Lex stopped. “I’m sticking to the halls we don’t use too often. We might avoid the Knights this way.”
Rikki glanced at the Commando. “Have you checked it to see if it’s loaded?”
“Damn! Never thought of it!” Lex admitted. She fiddled with the magazine release until the magazine popped free. She held it in her left hand and studied it by the light of a nearby lantern. “The clip is full,” she announced, “but I don’t have a spare.”
“Blade usually carries those in his pockets,” Rikki informed her.
Lex replaced the magazine in the Commando.
“Will we be there soon?” Rikki asked.
“Pretty soon,” Lex replied.
The sound of many voices in turmoil abruptly came from behind them.
“What’s that?” Lex whispered.
The turmoil was growing louder.
Lex motioned for Rikki to follow. They raced along the passage until they reached a branch, and she took a right.
The voices weren’t far off.
Rikki drew Lex into the darkest shadows.
“—tell you I saw them!” a woman was bellowing angrily.
“Sure you did,” another woman responded.
“But I did!” insisted the first. “About two hundred yards back. I saw them pass a junction.”
“Then where the hell are they?” demanded yet a third woman.
“If we haven’t seen them by now,” chimed in a stud, “we’ll never catch them.”
“If they were ever there,” griped one of the women.
“I saw them, damn you!” insisted the first woman.
There were eight of them, five sisters and three studs, and they reached the fork in the tunnels and stopped. None of them ventured into the branch concealing Rikki and Lex.
“So where do we go from here?” inquired one of the sisters.
“I’m tired of looking,” said another. “Why don’t we grab a bite to eat? I’m starving!”
“Will you listen to yourselves?” snapped the fifth woman. “They would hear us coming a mile off.”
“So what do we do?” asked a stud.
“Let’s try this way,” suggested a sister, and entered the right branch.
A whirlwind in black, wielding a scintillating blade, pounced on them from the shadows. In the three seconds they required to react to the onslaught, four of them were dead. A stud whipped his pistol from its holster, but that streaking sword was lanced through his right eye and into his brain before he could fire. The sister responsible for initially glimpsing Rikki and Lex successfully pulled her revolver, but the katana bit into her forehead, slicing off the top of her head, hair and all, and she uttered an uncanny death cry as she fell.
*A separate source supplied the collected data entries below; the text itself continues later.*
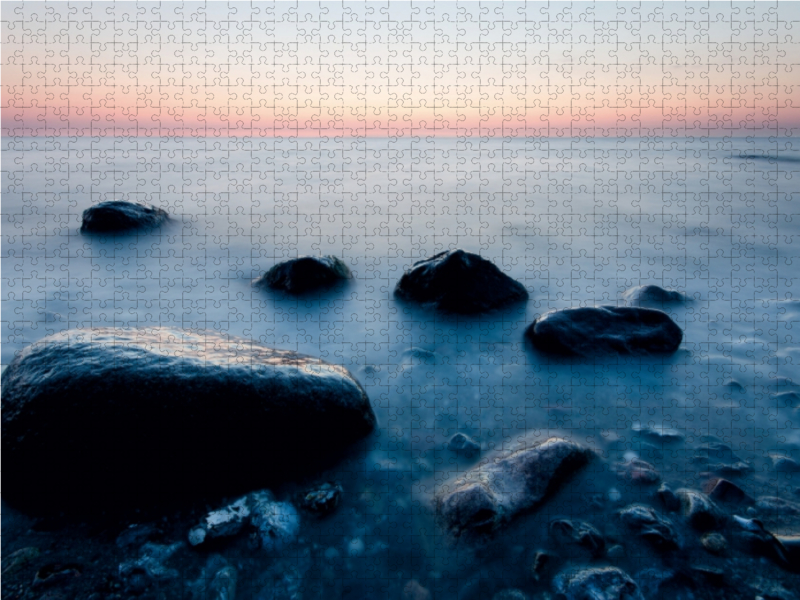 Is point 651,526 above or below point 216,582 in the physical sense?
above

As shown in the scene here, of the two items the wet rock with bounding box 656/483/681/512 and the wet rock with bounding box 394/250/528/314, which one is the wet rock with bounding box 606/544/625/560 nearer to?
the wet rock with bounding box 656/483/681/512

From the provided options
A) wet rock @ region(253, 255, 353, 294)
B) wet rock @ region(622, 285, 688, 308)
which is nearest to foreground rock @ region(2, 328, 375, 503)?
wet rock @ region(253, 255, 353, 294)

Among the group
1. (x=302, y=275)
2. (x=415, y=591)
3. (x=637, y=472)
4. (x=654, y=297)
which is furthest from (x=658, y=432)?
(x=302, y=275)

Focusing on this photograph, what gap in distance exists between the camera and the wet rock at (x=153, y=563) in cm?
274

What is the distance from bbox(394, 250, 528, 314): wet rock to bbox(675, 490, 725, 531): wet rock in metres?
3.16

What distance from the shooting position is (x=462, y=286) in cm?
613

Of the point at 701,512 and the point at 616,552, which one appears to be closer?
the point at 616,552

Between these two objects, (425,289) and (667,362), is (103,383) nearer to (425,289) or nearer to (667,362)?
(425,289)

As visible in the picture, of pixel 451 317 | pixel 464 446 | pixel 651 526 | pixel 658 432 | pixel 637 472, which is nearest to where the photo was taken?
pixel 651 526

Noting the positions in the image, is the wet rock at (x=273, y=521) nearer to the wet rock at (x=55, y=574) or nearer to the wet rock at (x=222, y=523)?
the wet rock at (x=222, y=523)

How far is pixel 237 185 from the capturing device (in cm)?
1523

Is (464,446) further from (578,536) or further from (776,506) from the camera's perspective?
(776,506)

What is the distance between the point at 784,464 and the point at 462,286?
3.43 meters

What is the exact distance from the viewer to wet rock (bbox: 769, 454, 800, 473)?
11.5 feet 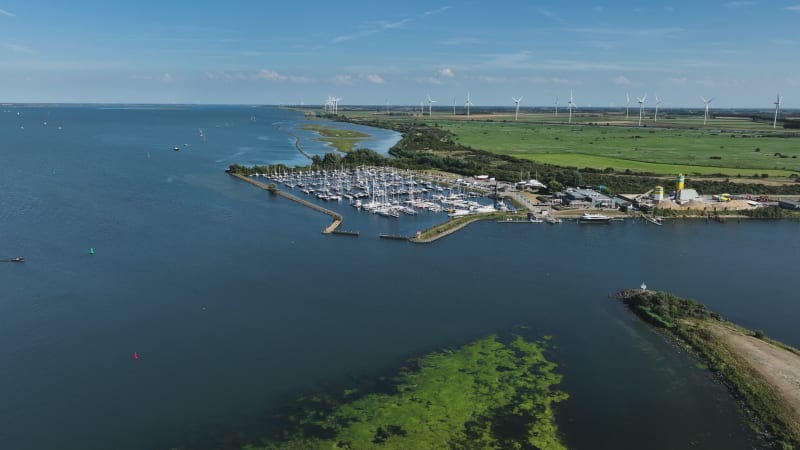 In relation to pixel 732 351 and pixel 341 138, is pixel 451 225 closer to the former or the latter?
pixel 732 351

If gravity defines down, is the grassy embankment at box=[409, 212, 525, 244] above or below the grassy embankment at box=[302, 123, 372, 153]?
below

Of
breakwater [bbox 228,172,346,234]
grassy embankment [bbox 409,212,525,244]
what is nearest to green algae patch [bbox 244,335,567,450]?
grassy embankment [bbox 409,212,525,244]

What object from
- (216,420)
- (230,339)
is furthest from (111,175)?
(216,420)

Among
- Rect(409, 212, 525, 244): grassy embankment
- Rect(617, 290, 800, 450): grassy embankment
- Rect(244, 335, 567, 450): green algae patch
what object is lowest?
Rect(244, 335, 567, 450): green algae patch

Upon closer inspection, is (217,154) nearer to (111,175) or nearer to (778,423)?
(111,175)

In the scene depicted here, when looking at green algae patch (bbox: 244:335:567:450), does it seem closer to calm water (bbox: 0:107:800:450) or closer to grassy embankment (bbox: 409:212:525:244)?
calm water (bbox: 0:107:800:450) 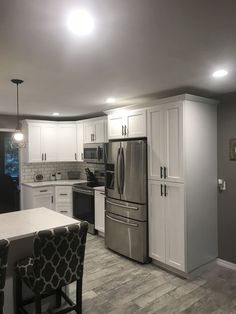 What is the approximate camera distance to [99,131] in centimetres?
497

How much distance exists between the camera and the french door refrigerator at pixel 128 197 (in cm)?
355

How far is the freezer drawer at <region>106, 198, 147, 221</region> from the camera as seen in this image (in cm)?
356

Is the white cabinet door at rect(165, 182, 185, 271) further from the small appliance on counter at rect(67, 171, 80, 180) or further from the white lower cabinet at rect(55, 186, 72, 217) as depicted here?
the small appliance on counter at rect(67, 171, 80, 180)

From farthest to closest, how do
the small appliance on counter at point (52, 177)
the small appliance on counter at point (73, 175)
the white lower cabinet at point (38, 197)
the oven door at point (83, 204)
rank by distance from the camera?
the small appliance on counter at point (73, 175)
the small appliance on counter at point (52, 177)
the white lower cabinet at point (38, 197)
the oven door at point (83, 204)

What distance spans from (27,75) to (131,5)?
1.58 m

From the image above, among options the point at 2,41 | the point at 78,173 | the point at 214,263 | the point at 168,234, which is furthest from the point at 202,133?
the point at 78,173

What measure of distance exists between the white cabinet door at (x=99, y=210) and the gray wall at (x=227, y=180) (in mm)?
1977

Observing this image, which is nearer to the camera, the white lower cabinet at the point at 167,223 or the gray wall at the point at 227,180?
the white lower cabinet at the point at 167,223

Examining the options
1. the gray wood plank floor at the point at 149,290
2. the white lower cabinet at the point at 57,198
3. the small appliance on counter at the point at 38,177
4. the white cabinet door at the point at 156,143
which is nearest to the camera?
the gray wood plank floor at the point at 149,290

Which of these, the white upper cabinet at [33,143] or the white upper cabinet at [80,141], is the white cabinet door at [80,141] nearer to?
the white upper cabinet at [80,141]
Hidden in the shadows, Lex watched in dazed fascination, dazzled by Rikki’s prowess with the katana. His sinewy body was a twisting, flowing dervish of destruction. To her untrained eye, it seemed as if he executed his movements without conscious deliberation, as if he and the sword were one.
Thirty seconds after they entered the right branch, the eight Leather Knights were dead.
Rikki cleaned his katana on a stud’s pants and rejoined Lex.
Lex stared at him with unconcealed admiration. “I’m beginning to wonder if anyone can kill you,” she said by way of a compliment.
“Anyone can kill me,” Rikki stated. “We all die, sooner or later. It’s the technique for translating our souls from this world to the next.”
Lex wanted to reach out and touch him, to smother his lips with fiery kisses. Instead, she chuckled. “You’re all right, you know that?”
“I do now,” Rikki replied, smiling. Then he turned serious. “We must reach Blade as quickly as possible.”
Lex nodded. “Come on.”
They jogged along the tunnels, sometimes taking a right fork, sometimes a left.
“How far underground are we?” Rikki asked once.
“I don’t know,” Lex responded. “But Grotto’s room is the last one we built.”
“It would be,” Rikki remarked.
After a series of winding hallways, Lex slowed and pointed to a wall ahead. “That’s it.”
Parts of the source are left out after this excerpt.